Para a estilista, os estigmas associados à menstruação afetam a maneira como as meninas se veem e se posicionam socialmente. Midlej ressalta que essas vivências podem interferir na forma como jovens enfrentam desafios e situações de violência, em um contexto alarmante em que mais de 80 mil crianças foram vítimas de abuso em 2025. Esses dados, segundo ela, exigem uma reflexão sobre o papel da moda e da cultura na promoção de mudanças práticas e simbólicas.
Tendências que transformam
Midlej aponta que as tendências atuais do setor de moda têm se aproximado de pautas sociais e de empoderamento. Marcas e grifes vêm fechando parcerias com iniciativas voltadas à saúde menstrual e à educação sobre o corpo feminino.

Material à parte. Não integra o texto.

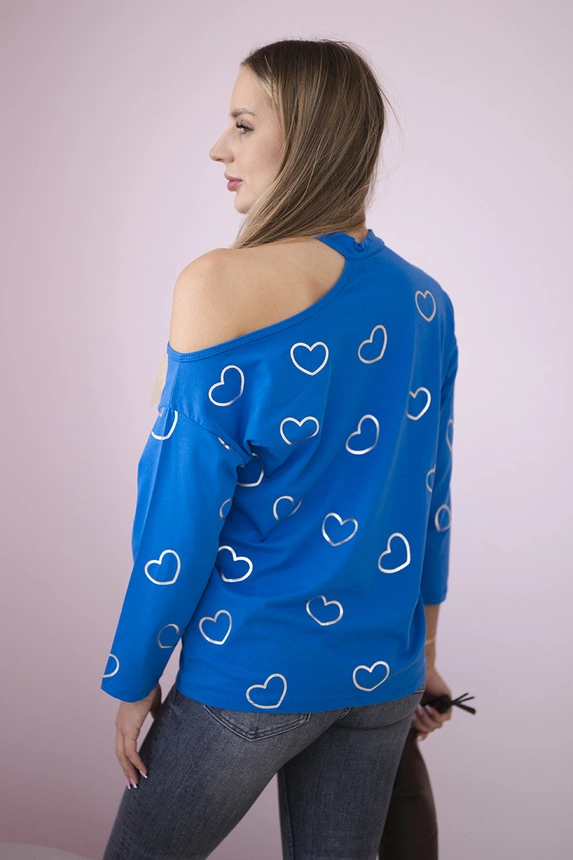 Blouse with a print of hearts mauve-blue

Essa articulação, conforme destacado pela estilista, ajuda a desconstruir mitos em torno da menstruação e contribui para a construção de autoestima entre adolescentes e meninas.
A moda inclusiva e sustentável também tem ganhado espaço, refletindo maior demanda por responsabilidade social no desenvolvimento de coleções. Estilistas, incluindo Midlej, têm buscado criar peças que vão além da função de vestir: elas narram histórias e abrem espaço para diálogo sobre temas relevantes. Essa abordagem altera a relação das pessoas com as roupas e, por consequência, com suas identidades.
No cotidiano, a estilista enfatiza a importância de meninas e mulheres se sentirem livres para expressar suas individualidades por meio do vestuário. Escolher roupas que reflitam vivências e valores pessoais pode servir como ferramenta de afirmação e fortalecer a autoestima. Segundo Midlej, essa forma de expressão pode atuar como elemento de resistência e empoderamento.
O trabalho de Aline Midlej, conforme sua própria apresentação pública, extrapola as passarelas: ao tratar de menstruação e saúde feminina, ela busca inspirar novas gerações a se cuidar e a reivindicar seus direitos. Nesse sentido, o cuidado com meninas é entendido como investimento no futuro do país, com a moda atuando como uma ferramenta potencial dessa transformação.